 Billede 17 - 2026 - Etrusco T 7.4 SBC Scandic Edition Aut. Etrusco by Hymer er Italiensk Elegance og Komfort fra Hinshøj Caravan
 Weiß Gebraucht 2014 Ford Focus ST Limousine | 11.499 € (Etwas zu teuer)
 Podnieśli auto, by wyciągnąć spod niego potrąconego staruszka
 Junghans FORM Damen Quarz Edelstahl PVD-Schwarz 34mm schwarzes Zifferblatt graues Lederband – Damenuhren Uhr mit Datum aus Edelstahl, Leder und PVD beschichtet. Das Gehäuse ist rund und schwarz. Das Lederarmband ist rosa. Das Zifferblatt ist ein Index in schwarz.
********
- [Exercise requirements]:
Start at the first line of the data above. Stop after the line containing "Podnieśli auto, by", reproducing each line exactly and adding nothing.

- [Response area]:
 Billede 17 - 2026 - Etrusco T 7.4 SBC Scandic Edition Aut. Etrusco by Hymer er Italiensk Elegance og Komfort fra Hinshøj Caravan
 Weiß Gebraucht 2014 Ford Focus ST Limousine | 11.499 € (Etwas zu teuer)
 Podnieśli auto, by wyciągnąć spod niego potrąconego staruszka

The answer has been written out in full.